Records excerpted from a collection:
┌────────

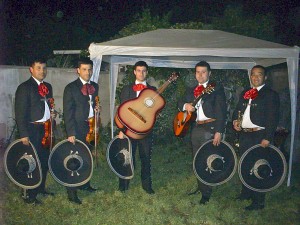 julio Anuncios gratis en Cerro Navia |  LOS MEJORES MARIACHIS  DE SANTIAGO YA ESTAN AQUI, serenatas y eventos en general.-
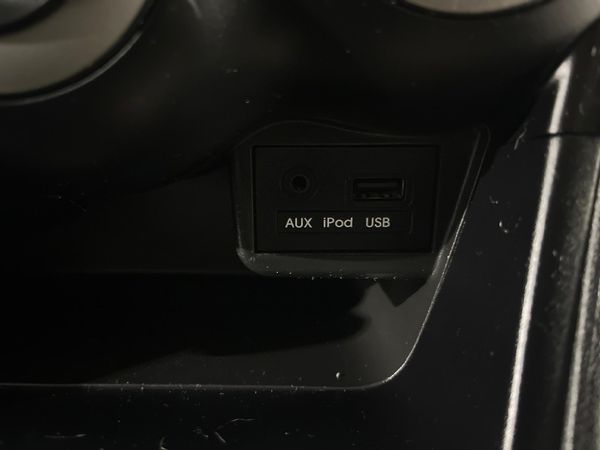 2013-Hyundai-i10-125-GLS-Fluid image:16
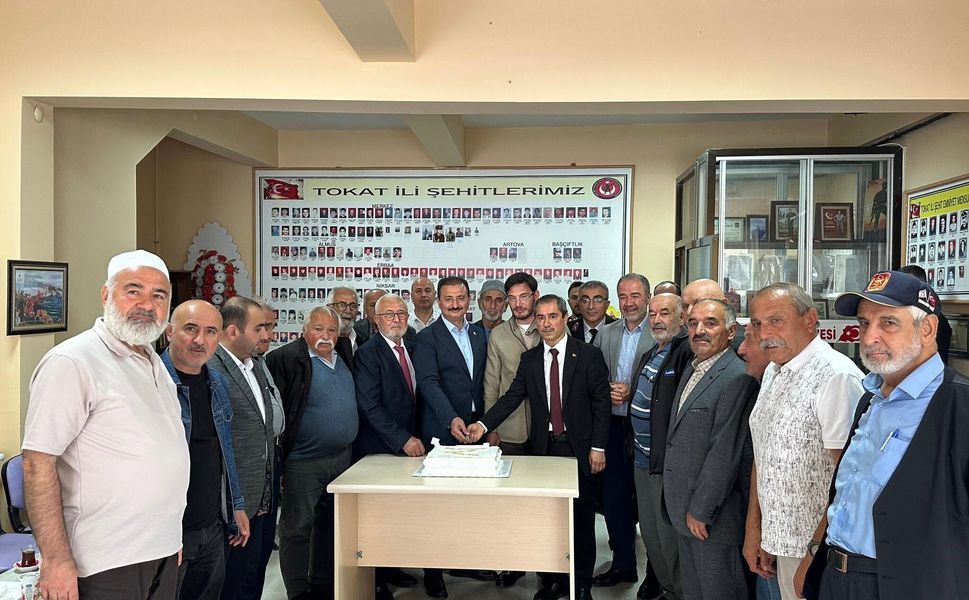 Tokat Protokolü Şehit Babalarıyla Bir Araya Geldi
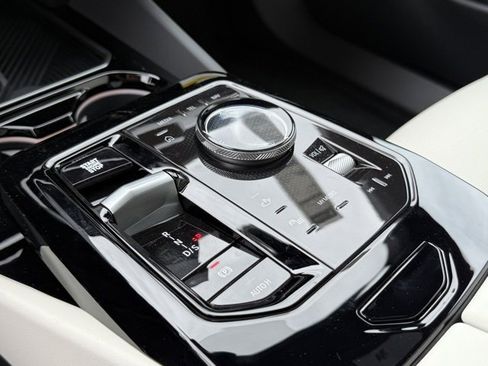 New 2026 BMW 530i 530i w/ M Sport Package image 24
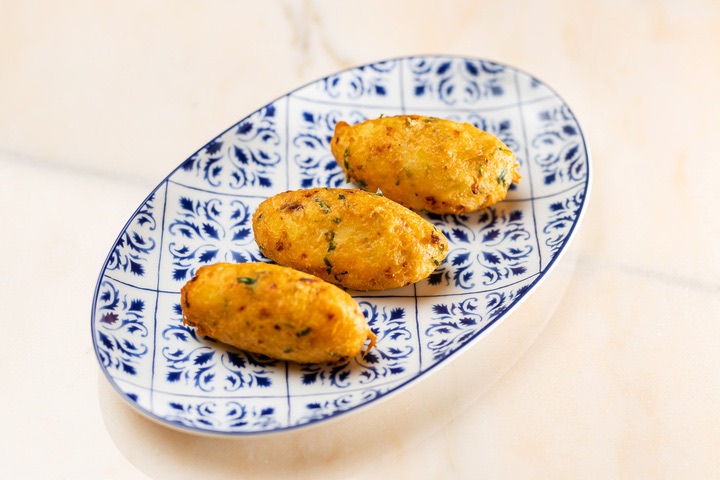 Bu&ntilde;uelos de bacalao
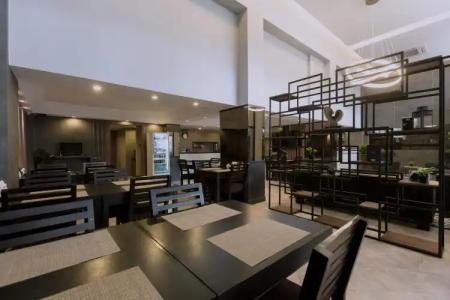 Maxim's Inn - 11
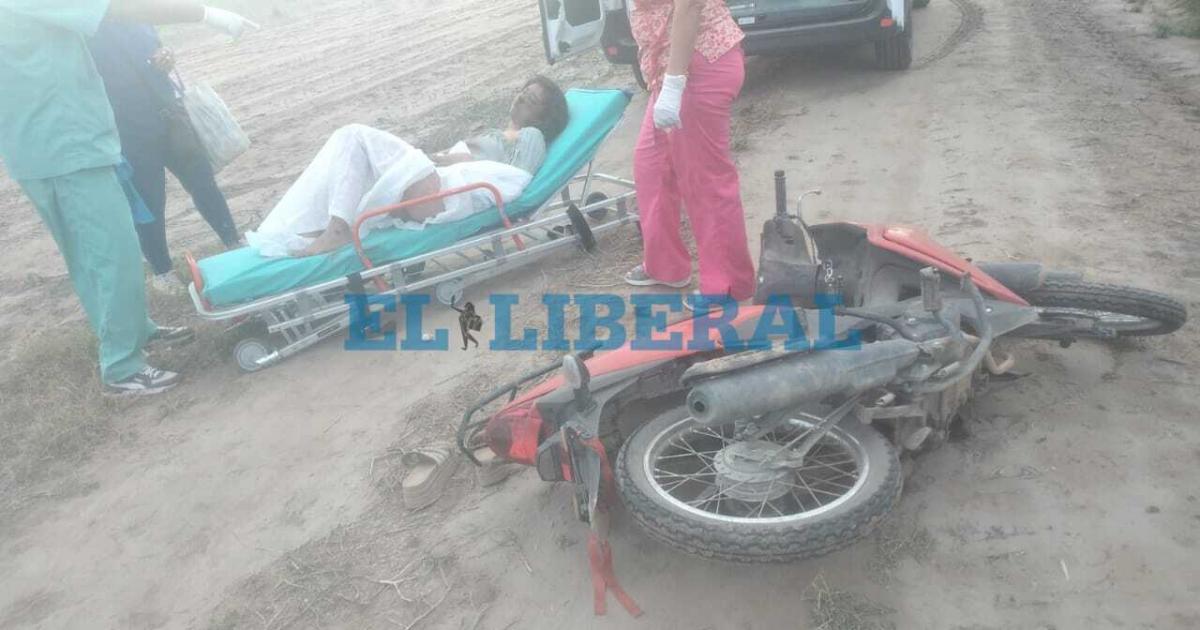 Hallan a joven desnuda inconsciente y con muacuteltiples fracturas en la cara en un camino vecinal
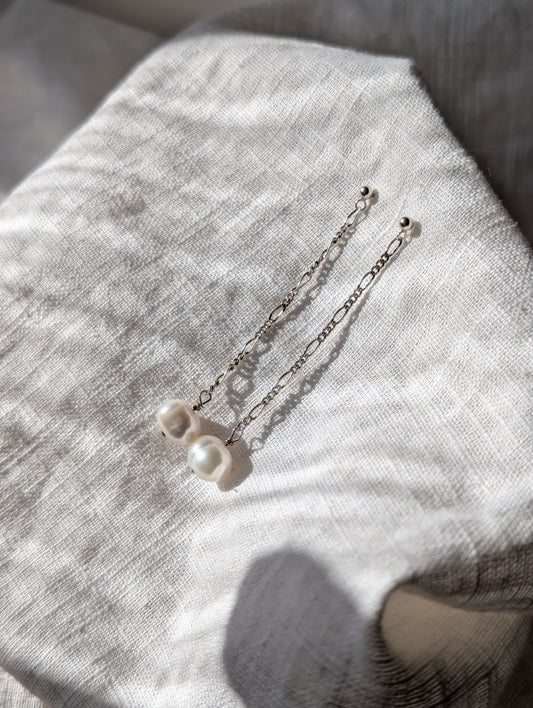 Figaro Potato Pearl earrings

└────────

## Work item
Give back exactly, and only, the lines from the one holding "Maxim's Inn - 11" through the last line of the entries, with every picture omitted.

## Result for this task
 Maxim's Inn - 11
 Hallan a joven desnuda inconsciente y con muacuteltiples fracturas en la cara en un camino vecinal
 Figaro Potato Pearl earrings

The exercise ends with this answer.